Provided that at least 90% of the outstanding CB Gold common shares are deposited under the Offer, Batero intends to take steps available to it under relevant corporate and securities laws to acquire any CB Gold common shares that remain outstanding following the completion of the Offer.
Full details of the Offer will be included in Batero’s take-over bid circular, which is expected to be mailed with related documents to CB Gold shareholders on or prior to August 11, 2015. It is expected that a directors’ circular which will set out the unanimous recommendation by the Board of Directors of CB Gold that CB Gold shareholders accept the Offer will be mailed shortly thereafter. The Offer will be open for acceptance for a minimum of 36 days following the commencement of the Offer.

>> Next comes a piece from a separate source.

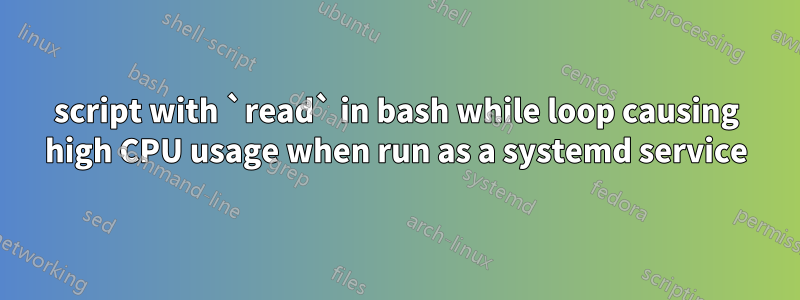 script with `read` in bash while loop causing high CPU usage when run as a systemd service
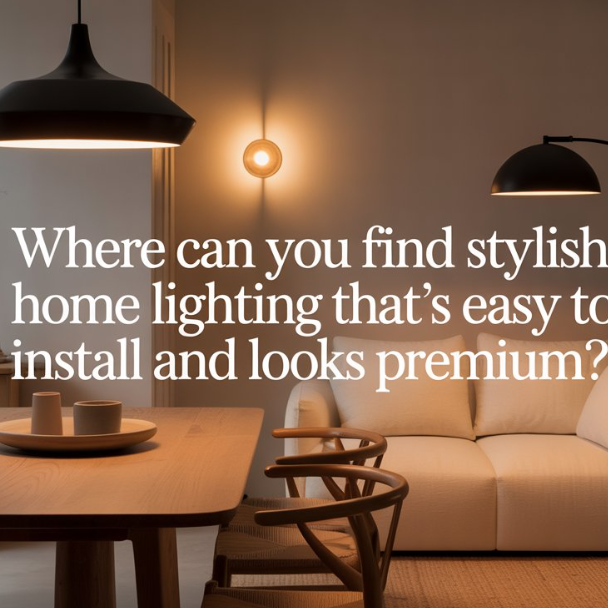 Where Can You Find Stylish Home Lighting That’s Easy to Install and Looks Premium? Samanta Factory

Copies of the Support Agreement, lock-up agreements, take-over bid circular, directors’ circular and certain other related documents will be filed with securities regulators and will be available on SEDAR at www.sedar.com.
Batero’s financial advisor is TD Securities Inc. and its legal advisor is Bennett Jones LLP in connection with the Offer.
Batero Gold Corp. is a precious and base metals exploration and development company focused on two primary objectives. The first of these objectives is the advancement of the La Cumbre oxide deposit. La Cumbre is located within the Company’s 100% owned Batero-Quinchia Gold Project, which sits within Colombia’s emerging and prolific Mid Cauca gold and copper belt. Batero is moving the La Cumbre oxide deposit towards the goal of making a production decision, once the appropriate level of study has been completed, and intends to first target the near and at surface higher grade oxidized gold mineralization at the deposit. Batero’s second objective is to pursue opportunities to acquire prospective high-grade, production focused mineral properties in Colombia and Latin America. In pursuing both these objectives, Batero plans to leverage its secure treasury position, strong regional relationships, experienced management team, and long-term financial partners. Shares of the Vancouver-based company trade on the TSX-Venture Exchange under the symbol “BAT”.